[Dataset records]
>>>>

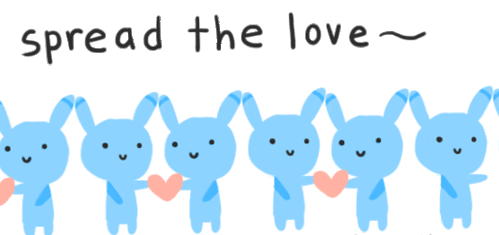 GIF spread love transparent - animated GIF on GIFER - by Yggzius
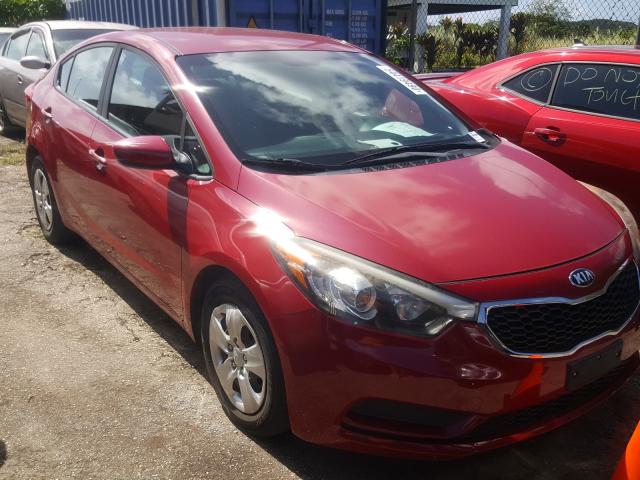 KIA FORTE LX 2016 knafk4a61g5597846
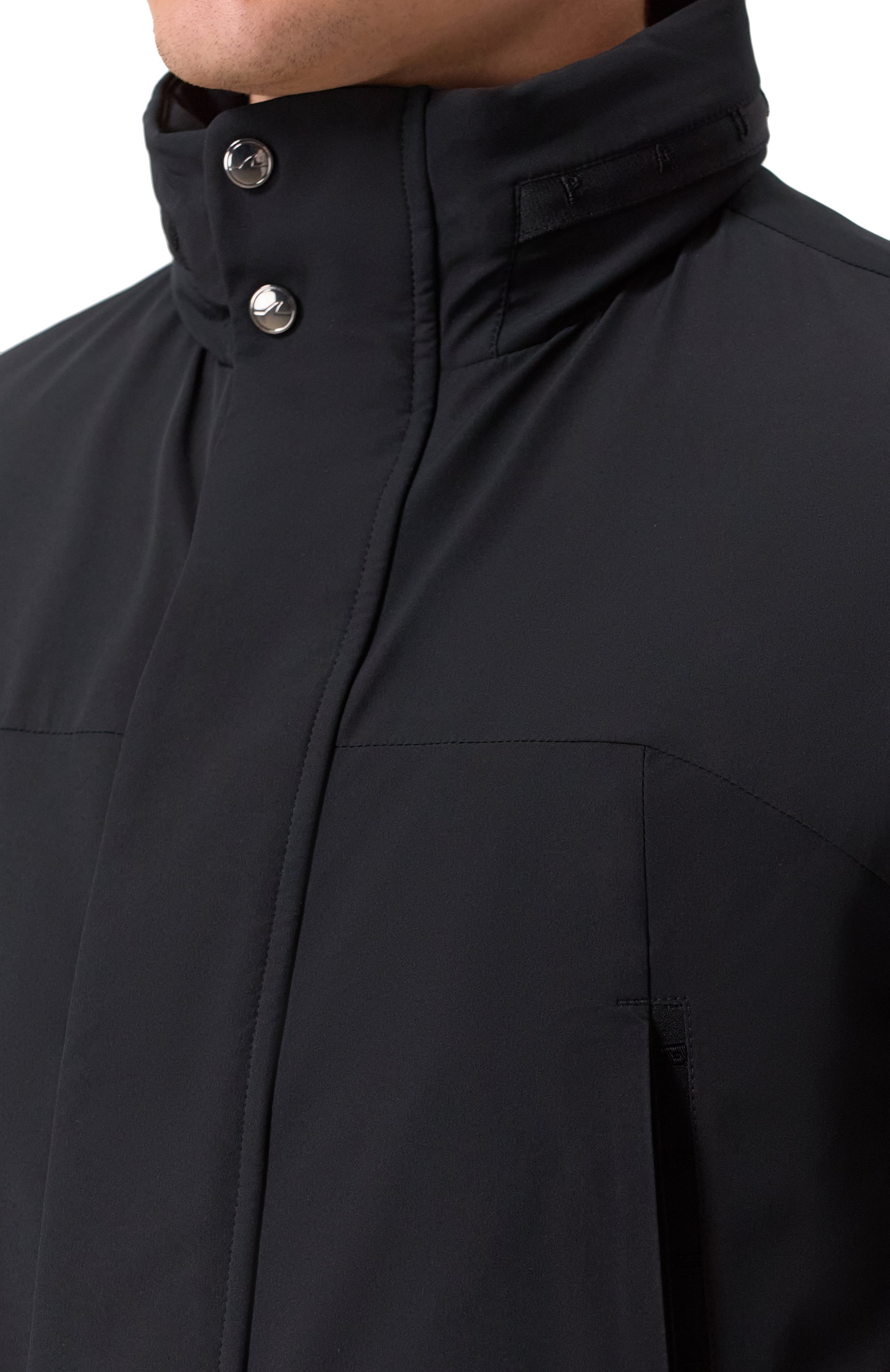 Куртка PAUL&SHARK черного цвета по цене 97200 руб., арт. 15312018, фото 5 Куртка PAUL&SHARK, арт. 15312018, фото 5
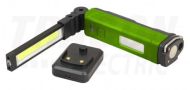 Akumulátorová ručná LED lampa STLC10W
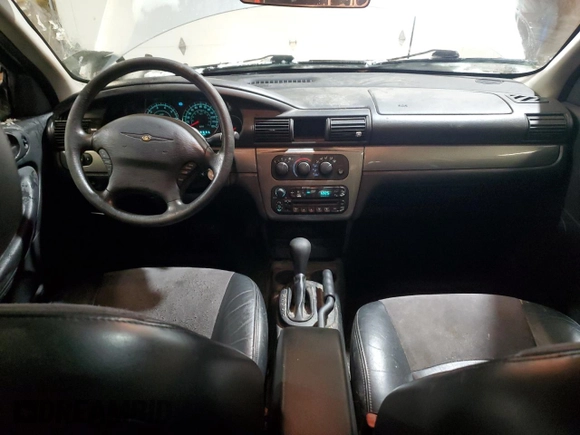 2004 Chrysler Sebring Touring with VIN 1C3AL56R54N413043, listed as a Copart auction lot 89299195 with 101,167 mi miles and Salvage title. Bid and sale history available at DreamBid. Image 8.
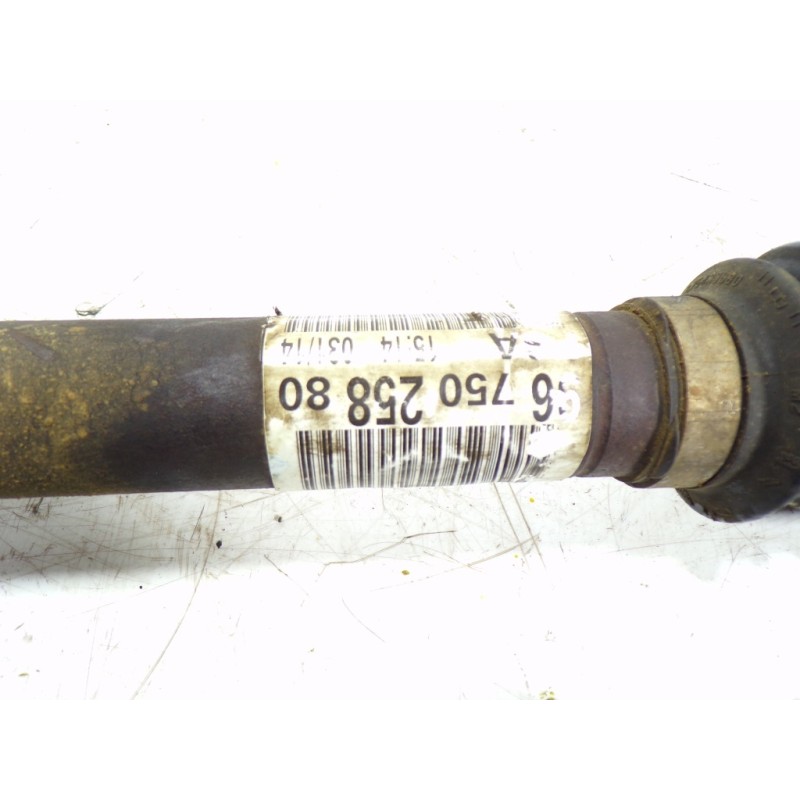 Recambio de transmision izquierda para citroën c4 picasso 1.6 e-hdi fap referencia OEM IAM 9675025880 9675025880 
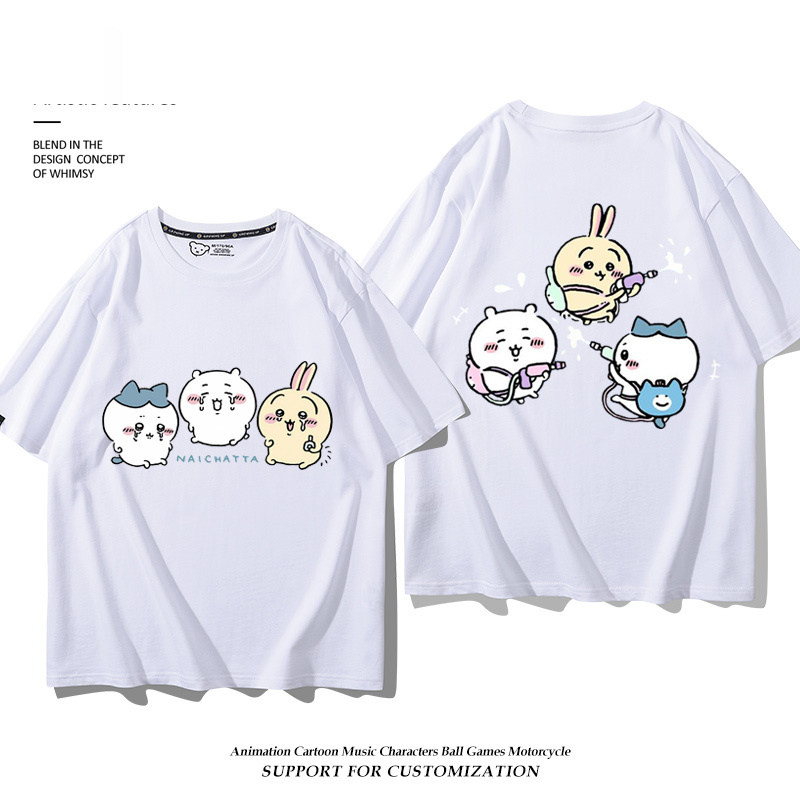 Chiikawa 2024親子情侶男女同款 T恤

<<<<

PROBLEM REQUIREMENTS: The copy should start at the line that contains "KIA FORTE LX 2016 knafk4a61g5597846", end at the last line of the entries above, and match each line exactly, with pictures dropped.

PROBLEM SOLUTION:
 KIA FORTE LX 2016 knafk4a61g5597846
 Куртка PAUL&SHARK черного цвета по цене 97200 руб., арт. 15312018, фото 5 Куртка PAUL&SHARK, арт. 15312018, фото 5
 Akumulátorová ručná LED lampa STLC10W
 2004 Chrysler Sebring Touring with VIN 1C3AL56R54N413043, listed as a Copart auction lot 89299195 with 101,167 mi miles and Salvage title. Bid and sale history available at DreamBid. Image 8.
 Recambio de transmision izquierda para citroën c4 picasso 1.6 e-hdi fap referencia OEM IAM 9675025880 9675025880 
 Chiikawa 2024親子情侶男女同款 T恤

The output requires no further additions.